Вместе с Целительным в просвете бытия сразу является злое. Его существо состоит не просто в дурном человеческом поведении, но покоится в злобном коварстве ярости. То и другое, целительное и яростное, однако, лишь потому могут корениться в бытии, что бытие само есть поле спора. В нем таится сущностный источник отказа. В чем отказано, то высвечивается как Ничего. К нему может быть обращено наше «нет». «Ничего» происходит никоим образом не из отрицательного слова «нет!». Всякое «нет», не лжеистолковывающее себя как своенравная заносчивость полагающей мощи субъективности, но остающееся тем «нет», каким эк-зистенция допускает бытию быть отвечает на вызов высвечивающегося отказа. Всякое Нет есть лишь Да тому «ничего». Каждое Да покоится на признании. Признание позволяет тому, на что оно идет, прийти к себе. Люди думают, будто «ничего» нигде не обнаруживается в самом сущем. Это верно, пока люди отыскивают «ничего» как нечто сущее, как некое присущее сущему свойство. Но, ведя такие поиски, люди ищут не Ничего. Бытие – тоже не какое-то свойство, которое можно было бы констатировать у сущего. Тем не менее бытие более, сущее, чем любое сущее. Ни-что пребывает в самом бытии, поэтому мы никогда не можем опознать его как сущее в сущем Указание на эту невозможность совершенно никак не доказывает происхождение отказа из нашего «нет». Это доказательство, похоже держится только если сущее противопоставляют как объективное субъективному Люди заключают тогда от противного, что всякое Ничто раз оно никогда не обнаруживает себя как нечто объективное, неизбежно должно создаваться актом субъекта. Но высказываемым ли «нет» полагается Ничто как нечто всего лишь помысленное или наоборот, бытийным Ни-что вызывается к жизни наше вторичное «нет», которое мы должны сказать, чтобы позволить определенному сущему быть – этого конечно, никогда не решить путем субъективной рефлексии над мышлением уже учредившим себя в качестве субъективности. В такой рефлексии измерение для требуемой делом постановки вопроса вообще еще не достигнуто. Остается спросить, не выступает ли уже всякое «да» и «нет» в истину бытия там, где мысль послушно принадлежит эк-зистенции если это так, то «да» и «нет» сами по себе уже по-слушны бытию. Как его послушники они никогда не в состоянии делать продуктом своего полагания то, чему обязаны послушанием.
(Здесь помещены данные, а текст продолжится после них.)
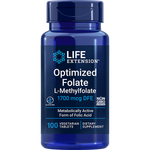 Optimized Folate (L-Methylfolate) 1700 мкг 100 таблеток Life Extension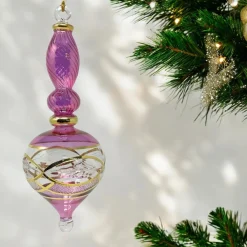 Large Purple Etched Swirl Ornament<Egyptian Museum Best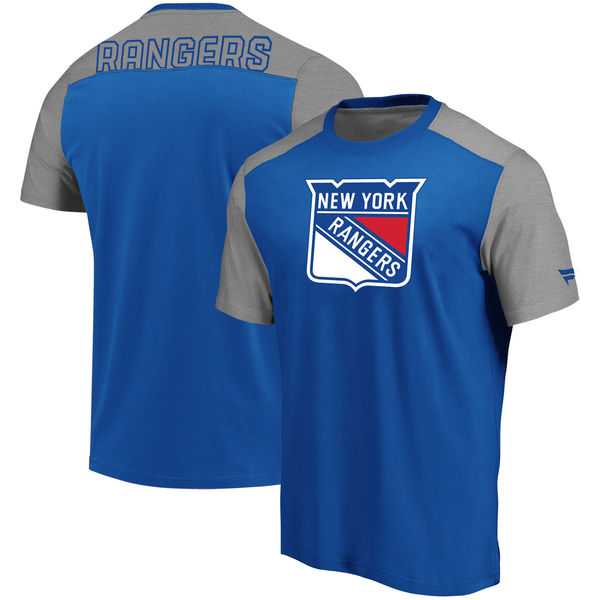 New York Rangers Fanatics Branded Big & Tall Iconic T-Shirt - Royal Heathered Gray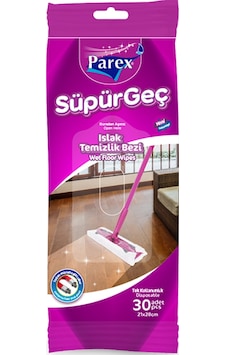 Parex Süpürgeç Islak Temizlik Bezi 30'lu Parex Süpürgeç Islak Temizlik Bezi 30'lu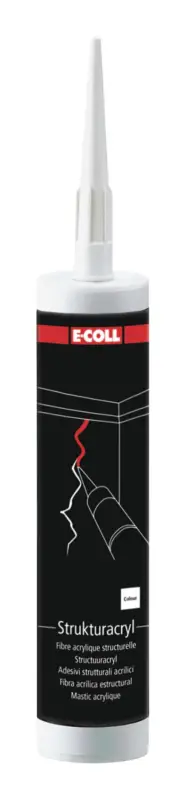 E-Coll Strukturacryl 310 ml weiß Finale Aktion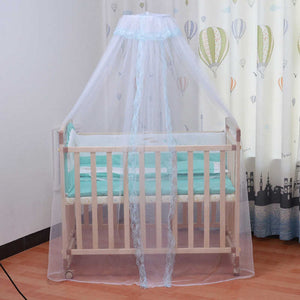 2TRIDENTS Royal Court Style Kids Bed Mosquito Net Mesh with Lace Foldable Breathable Bedding Dome Bed (Full, LH)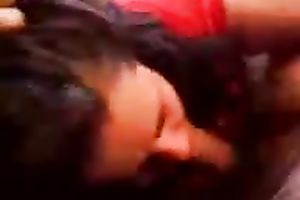 Milfie brunette hair latin chick wife hungry for my wang on POV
Ни-что коренится в самом бытии и никоим образом не в бытии человека, если последнее мыслится как субъективность, опирающаяся на – ego cogito. Бытие-вот (Dasein) нетствует никак не потому, что человек как субъект производит отрицание в смысле отвержения; нет, человеческое бытие-вот отказывает, поскольку как существо, в которое человек эк-зистирует, само принадлежит к существу бытия. Бытие есть Ни-что – как бытие. Потому в абсолютном идеализме Гегеля и Шеллинга ничто как отрицательность отрицания обнаруживается в самом существе бытия. Последнее, однако, мыслится там в образе абсолютной действительности как безусловная воля, которая водит сама себя, а именно в качестве воли к знанию и к любви. В этой воле таится пока – бытие как воля к власти. Почему, однако, негативность абсолютной субъективности «диалектична» и почему из-за этой диалектики Ни-что хотя и обнаруживается, но одновременно затемняется в своем существе разбирать здесь не место.